What interviewers probe at
level

Top Priority

Your learning should be concrete and behavioral, not just 'be more careful.'

Good examples

🟢After that, I started asking for an early review on my approach before building too much, and it has helped me catch issues faster.

🟢I now make a small test plan before I merge anything non-trivial, and since then I haven't repeated that class of mistake.

Bad examples

🔴The experience taught me to pay more attention to details in the future.

🔴I learned that projects can be unpredictable, so now I just try to stay on top of things.

Weak answers offer a slogan; strong answers show a repeatable new habit with evidence it stuck.

Show that you went beyond 'it went badly' and understood the underlying reason, even if someone helped you get there.

Good examples

🟢After the issue, I compared my assumptions with the actual usage pattern and realized I had designed only for the happy path.

🟢I reviewed the timeline with my mentor and found the real problem wasn't coding speed but that I merged changes without validating dependencies.

Bad examples

🔴The feature didn't work well in production, so the lesson was to be more careful next time.

🔴We missed the deadline because the task was harder than expected, and sometimes that just happens.

Weak answers stop at the visible problem; strong answers identify the mechanism that actually caused the failure.

You are not expected to have prevented everything, but you are expected to clearly name what you did or failed to do.

Good examples

🟢I didn't ask for feedback early because I wanted to solve it myself, and that delayed discovering a flaw in my approach.

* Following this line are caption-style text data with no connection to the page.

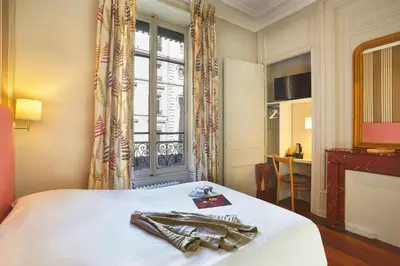 Un ou plusieurs lits dans un hébergement de l'établissement Hôtel Vaubecour - Centre Lyon Ainay - Perrache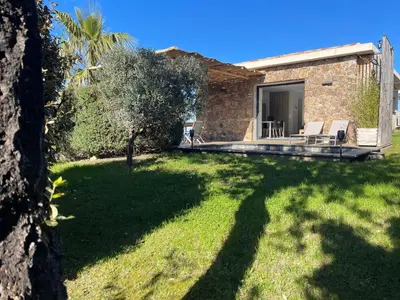 a house with a yard with two chairs and a patio at Villa Machja Solenzara in Sari Solenzara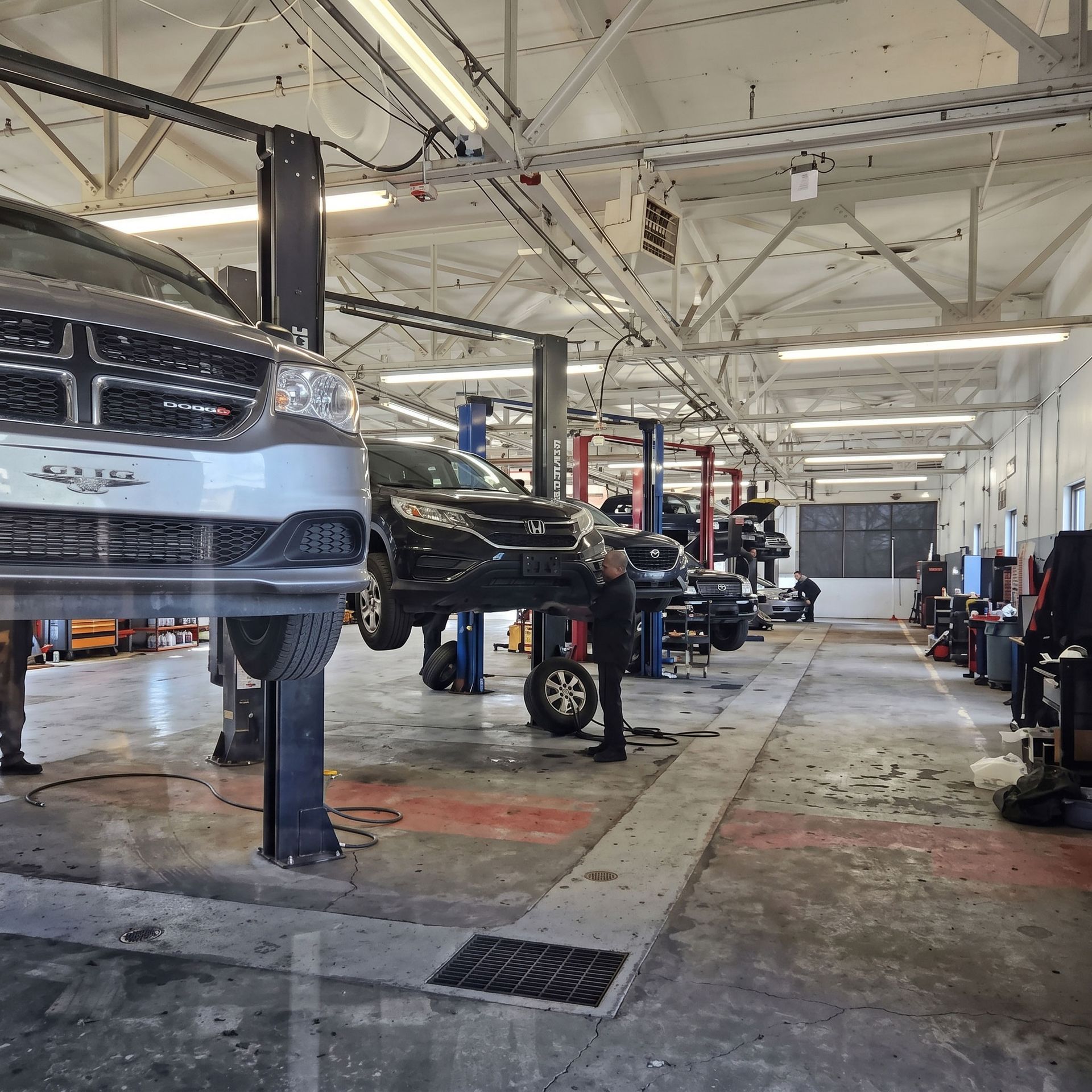 Atelier de réparation automobile avec plusieurs voitures surélevées sur des baies de service dans un garage industriel lumineux.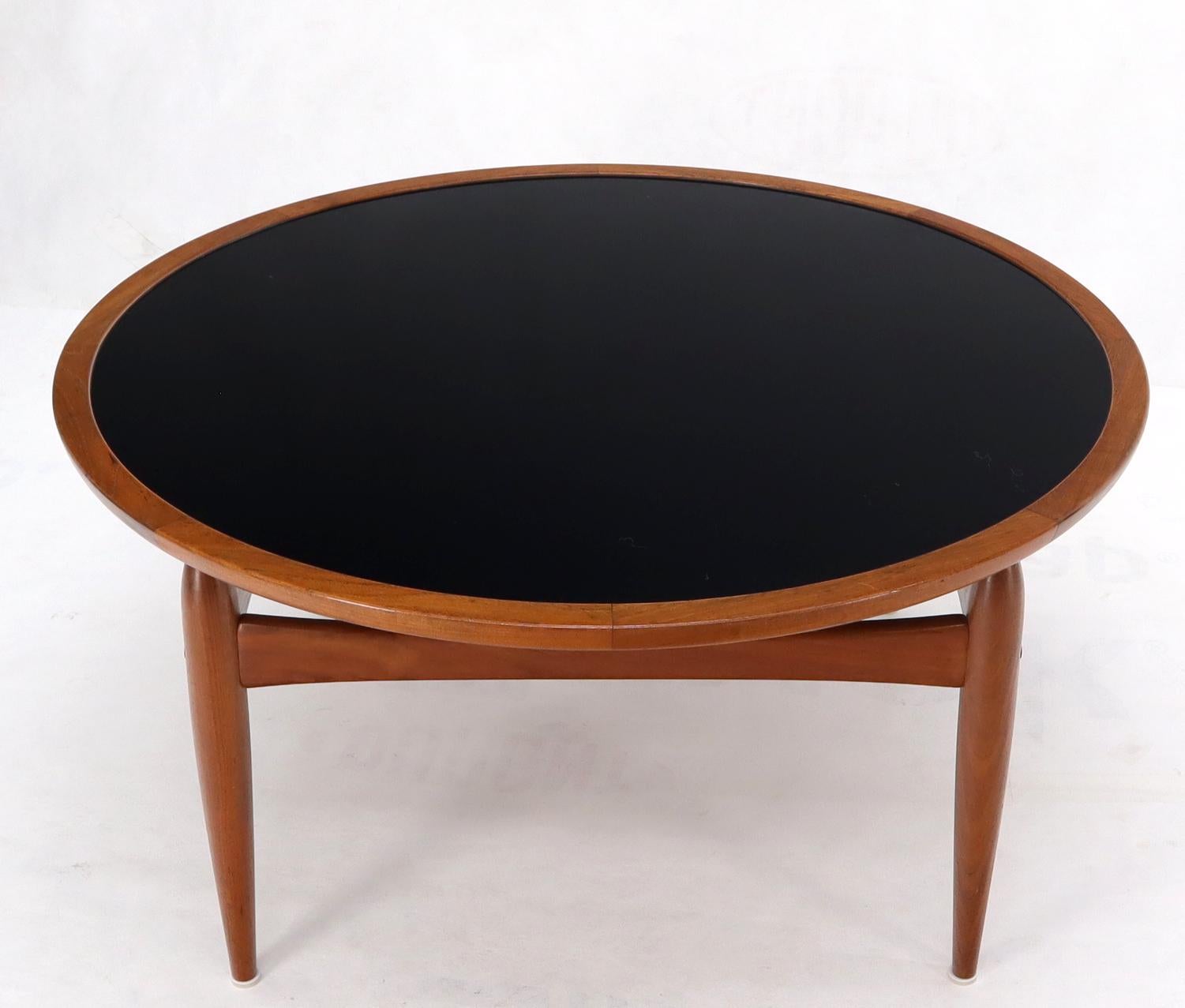 Mid century modern danish teak round coffee table with reversible top of exceptional quality. Durable black laminate waterproof option top, bullet shaped tapered legs.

🟢I assumed my tests were enough and didn't verify the edge cases with a teammate, which was my mistake.

Bad examples

🔴I failed because nobody told me there was a better way to do it, so I used the approach I knew.

🔴The main issue was that the timeline was unrealistic, so there wasn't much room for me to succeed.

Weak answers explain away the failure; strong answers plainly identify the candidate's own decisions or omissions.

Pick a genuine miss on a small project where your actions mattered and the consequences were real, even if the blast radius was limited.

Good examples

🟢I owned a small internal tool change and underestimated the testing needed, which caused a bad deployment for our team for part of a day.

🟢I was responsible for implementing a feature for a class or internship project, and my design choice made integration harder and delayed the handoff by a week.

Bad examples

🔴The project failed because the requirements kept changing, so there wasn't much I could do. I mostly just waited for clearer direction.

🔴I guess a failure was that my first version took longer than expected, but it was fine because my mentor helped me finish it.

Weak answers either describe something too trivial or too external; strong answers describe a real miss where the candidate's judgment had a clear impact.

Valuable

Show that once things were going wrong, you acted promptly, asked for help appropriately, and helped contain the damage.

Good examples

🟢As soon as I saw the deployment issue, I told my lead, rolled it back, and wrote down the cases I had missed so we could fix them in order.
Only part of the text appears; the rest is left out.